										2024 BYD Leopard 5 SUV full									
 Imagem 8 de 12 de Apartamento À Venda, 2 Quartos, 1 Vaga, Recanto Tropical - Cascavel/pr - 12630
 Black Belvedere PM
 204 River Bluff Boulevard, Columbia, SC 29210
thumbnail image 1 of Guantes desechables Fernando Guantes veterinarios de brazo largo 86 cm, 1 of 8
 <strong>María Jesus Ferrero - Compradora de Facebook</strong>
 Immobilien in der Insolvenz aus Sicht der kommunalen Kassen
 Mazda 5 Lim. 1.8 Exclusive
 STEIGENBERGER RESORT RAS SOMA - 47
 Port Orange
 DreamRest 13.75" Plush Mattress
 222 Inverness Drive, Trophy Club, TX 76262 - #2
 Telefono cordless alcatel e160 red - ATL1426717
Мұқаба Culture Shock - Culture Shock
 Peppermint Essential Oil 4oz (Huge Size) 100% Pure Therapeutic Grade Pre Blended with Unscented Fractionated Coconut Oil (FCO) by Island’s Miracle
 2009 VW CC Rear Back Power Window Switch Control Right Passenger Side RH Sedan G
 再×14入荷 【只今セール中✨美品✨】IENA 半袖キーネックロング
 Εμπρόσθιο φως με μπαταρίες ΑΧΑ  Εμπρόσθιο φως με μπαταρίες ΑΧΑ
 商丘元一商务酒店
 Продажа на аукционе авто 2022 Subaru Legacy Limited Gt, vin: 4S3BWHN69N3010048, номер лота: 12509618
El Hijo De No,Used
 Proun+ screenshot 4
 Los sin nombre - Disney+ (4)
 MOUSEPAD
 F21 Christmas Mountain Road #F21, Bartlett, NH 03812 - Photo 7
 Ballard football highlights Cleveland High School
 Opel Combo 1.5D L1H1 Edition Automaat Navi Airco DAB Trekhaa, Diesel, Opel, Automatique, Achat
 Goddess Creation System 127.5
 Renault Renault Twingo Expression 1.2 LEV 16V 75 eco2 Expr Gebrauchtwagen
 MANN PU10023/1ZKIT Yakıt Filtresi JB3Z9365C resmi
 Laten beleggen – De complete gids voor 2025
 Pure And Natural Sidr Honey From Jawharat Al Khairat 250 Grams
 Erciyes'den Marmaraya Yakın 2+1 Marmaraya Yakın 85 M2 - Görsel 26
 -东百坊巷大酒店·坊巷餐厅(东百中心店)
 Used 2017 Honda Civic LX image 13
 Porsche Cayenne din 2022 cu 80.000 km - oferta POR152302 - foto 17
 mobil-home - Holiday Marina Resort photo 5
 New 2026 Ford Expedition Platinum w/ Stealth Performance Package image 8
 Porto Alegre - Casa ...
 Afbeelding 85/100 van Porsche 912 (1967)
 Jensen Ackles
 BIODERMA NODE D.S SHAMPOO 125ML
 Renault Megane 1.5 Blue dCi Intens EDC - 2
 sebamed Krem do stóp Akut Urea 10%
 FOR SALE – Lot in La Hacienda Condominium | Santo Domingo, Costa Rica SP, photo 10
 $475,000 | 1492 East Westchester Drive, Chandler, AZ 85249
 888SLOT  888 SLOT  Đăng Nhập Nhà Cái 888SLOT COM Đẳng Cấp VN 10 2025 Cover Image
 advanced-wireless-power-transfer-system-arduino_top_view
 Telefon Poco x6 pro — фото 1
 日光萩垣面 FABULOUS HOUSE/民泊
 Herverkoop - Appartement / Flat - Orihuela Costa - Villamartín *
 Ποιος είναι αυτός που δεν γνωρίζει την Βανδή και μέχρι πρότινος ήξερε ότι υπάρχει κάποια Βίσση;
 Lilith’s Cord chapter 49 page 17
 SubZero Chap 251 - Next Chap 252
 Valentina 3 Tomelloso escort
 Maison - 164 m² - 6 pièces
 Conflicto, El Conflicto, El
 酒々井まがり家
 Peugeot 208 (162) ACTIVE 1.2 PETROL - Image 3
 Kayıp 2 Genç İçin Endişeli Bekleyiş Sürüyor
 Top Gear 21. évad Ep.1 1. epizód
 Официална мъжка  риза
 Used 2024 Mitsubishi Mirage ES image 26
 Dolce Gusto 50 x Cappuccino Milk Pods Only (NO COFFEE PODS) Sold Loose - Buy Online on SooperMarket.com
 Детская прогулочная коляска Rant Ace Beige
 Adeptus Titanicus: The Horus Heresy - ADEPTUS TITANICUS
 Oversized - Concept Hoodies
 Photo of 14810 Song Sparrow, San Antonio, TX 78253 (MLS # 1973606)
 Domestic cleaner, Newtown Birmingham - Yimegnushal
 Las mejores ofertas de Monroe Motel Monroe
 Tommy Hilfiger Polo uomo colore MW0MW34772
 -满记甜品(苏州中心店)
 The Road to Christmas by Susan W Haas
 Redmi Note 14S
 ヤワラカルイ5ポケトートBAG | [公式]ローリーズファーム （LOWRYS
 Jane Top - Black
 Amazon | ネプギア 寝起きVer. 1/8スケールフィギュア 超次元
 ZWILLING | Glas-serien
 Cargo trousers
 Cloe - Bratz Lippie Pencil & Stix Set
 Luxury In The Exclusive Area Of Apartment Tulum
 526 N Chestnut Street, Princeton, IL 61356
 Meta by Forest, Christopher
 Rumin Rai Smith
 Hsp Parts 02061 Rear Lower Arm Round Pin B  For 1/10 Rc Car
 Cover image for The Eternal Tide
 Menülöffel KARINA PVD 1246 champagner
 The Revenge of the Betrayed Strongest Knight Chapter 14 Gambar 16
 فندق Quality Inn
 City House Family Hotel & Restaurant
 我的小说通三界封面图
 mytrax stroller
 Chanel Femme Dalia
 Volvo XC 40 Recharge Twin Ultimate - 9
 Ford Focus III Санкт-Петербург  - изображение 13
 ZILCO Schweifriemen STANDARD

Required action:
Reproduce the entries above exactly.

Finished exercise:
										2024 BYD Leopard 5 SUV full									
 Imagem 8 de 12 de Apartamento À Venda, 2 Quartos, 1 Vaga, Recanto Tropical - Cascavel/pr - 12630
 Black Belvedere PM
 204 River Bluff Boulevard, Columbia, SC 29210
thumbnail image 1 of Guantes desechables Fernando Guantes veterinarios de brazo largo 86 cm, 1 of 8
 <strong>María Jesus Ferrero - Compradora de Facebook</strong>
 Immobilien in der Insolvenz aus Sicht der kommunalen Kassen
 Mazda 5 Lim. 1.8 Exclusive
 STEIGENBERGER RESORT RAS SOMA - 47
 Port Orange
 DreamRest 13.75" Plush Mattress
 222 Inverness Drive, Trophy Club, TX 76262 - #2
 Telefono cordless alcatel e160 red - ATL1426717
Мұқаба Culture Shock - Culture Shock
 Peppermint Essential Oil 4oz (Huge Size) 100% Pure Therapeutic Grade Pre Blended with Unscented Fractionated Coconut Oil (FCO) by Island’s Miracle
 2009 VW CC Rear Back Power Window Switch Control Right Passenger Side RH Sedan G
 再×14入荷 【只今セール中✨美品✨】IENA 半袖キーネックロング
 Εμπρόσθιο φως με μπαταρίες ΑΧΑ  Εμπρόσθιο φως με μπαταρίες ΑΧΑ
 商丘元一商务酒店
 Продажа на аукционе авто 2022 Subaru Legacy Limited Gt, vin: 4S3BWHN69N3010048, номер лота: 12509618
El Hijo De No,Used
 Proun+ screenshot 4
 Los sin nombre - Disney+ (4)
 MOUSEPAD
 F21 Christmas Mountain Road #F21, Bartlett, NH 03812 - Photo 7
 Ballard football highlights Cleveland High School
 Opel Combo 1.5D L1H1 Edition Automaat Navi Airco DAB Trekhaa, Diesel, Opel, Automatique, Achat
 Goddess Creation System 127.5
 Renault Renault Twingo Expression 1.2 LEV 16V 75 eco2 Expr Gebrauchtwagen
 MANN PU10023/1ZKIT Yakıt Filtresi JB3Z9365C resmi
 Laten beleggen – De complete gids voor 2025
 Pure And Natural Sidr Honey From Jawharat Al Khairat 250 Grams
 Erciyes'den Marmaraya Yakın 2+1 Marmaraya Yakın 85 M2 - Görsel 26
 -东百坊巷大酒店·坊巷餐厅(东百中心店)
 Used 2017 Honda Civic LX image 13
 Porsche Cayenne din 2022 cu 80.000 km - oferta POR152302 - foto 17
 mobil-home - Holiday Marina Resort photo 5
 New 2026 Ford Expedition Platinum w/ Stealth Performance Package image 8
 Porto Alegre - Casa ...
 Afbeelding 85/100 van Porsche 912 (1967)
 Jensen Ackles
 BIODERMA NODE D.S SHAMPOO 125ML
 Renault Megane 1.5 Blue dCi Intens EDC - 2
 sebamed Krem do stóp Akut Urea 10%
 FOR SALE – Lot in La Hacienda Condominium | Santo Domingo, Costa Rica SP, photo 10
 $475,000 | 1492 East Westchester Drive, Chandler, AZ 85249
 888SLOT  888 SLOT  Đăng Nhập Nhà Cái 888SLOT COM Đẳng Cấp VN 10 2025 Cover Image
 advanced-wireless-power-transfer-system-arduino_top_view
 Telefon Poco x6 pro — фото 1
 日光萩垣面 FABULOUS HOUSE/民泊
 Herverkoop - Appartement / Flat - Orihuela Costa - Villamartín *
 Ποιος είναι αυτός που δεν γνωρίζει την Βανδή και μέχρι πρότινος ήξερε ότι υπάρχει κάποια Βίσση;
 Lilith’s Cord chapter 49 page 17
 SubZero Chap 251 - Next Chap 252
 Valentina 3 Tomelloso escort
 Maison - 164 m² - 6 pièces
 Conflicto, El Conflicto, El
 酒々井まがり家
 Peugeot 208 (162) ACTIVE 1.2 PETROL - Image 3
 Kayıp 2 Genç İçin Endişeli Bekleyiş Sürüyor
 Top Gear 21. évad Ep.1 1. epizód
 Официална мъжка  риза
 Used 2024 Mitsubishi Mirage ES image 26
 Dolce Gusto 50 x Cappuccino Milk Pods Only (NO COFFEE PODS) Sold Loose - Buy Online on SooperMarket.com
 Детская прогулочная коляска Rant Ace Beige
 Adeptus Titanicus: The Horus Heresy - ADEPTUS TITANICUS
 Oversized - Concept Hoodies
 Photo of 14810 Song Sparrow, San Antonio, TX 78253 (MLS # 1973606)
 Domestic cleaner, Newtown Birmingham - Yimegnushal
 Las mejores ofertas de Monroe Motel Monroe
 Tommy Hilfiger Polo uomo colore MW0MW34772
 -满记甜品(苏州中心店)
 The Road to Christmas by Susan W Haas
 Redmi Note 14S
 ヤワラカルイ5ポケトートBAG | [公式]ローリーズファーム （LOWRYS
 Jane Top - Black
 Amazon | ネプギア 寝起きVer. 1/8スケールフィギュア 超次元
 ZWILLING | Glas-serien
 Cargo trousers
 Cloe - Bratz Lippie Pencil & Stix Set
 Luxury In The Exclusive Area Of Apartment Tulum
 526 N Chestnut Street, Princeton, IL 61356
 Meta by Forest, Christopher
 Rumin Rai Smith
 Hsp Parts 02061 Rear Lower Arm Round Pin B  For 1/10 Rc Car
 Cover image for The Eternal Tide
 Menülöffel KARINA PVD 1246 champagner
 The Revenge of the Betrayed Strongest Knight Chapter 14 Gambar 16
 فندق Quality Inn
 City House Family Hotel & Restaurant
 我的小说通三界封面图
 mytrax stroller
 Chanel Femme Dalia
 Volvo XC 40 Recharge Twin Ultimate - 9
 Ford Focus III Санкт-Петербург  - изображение 13
 ZILCO Schweifriemen STANDARD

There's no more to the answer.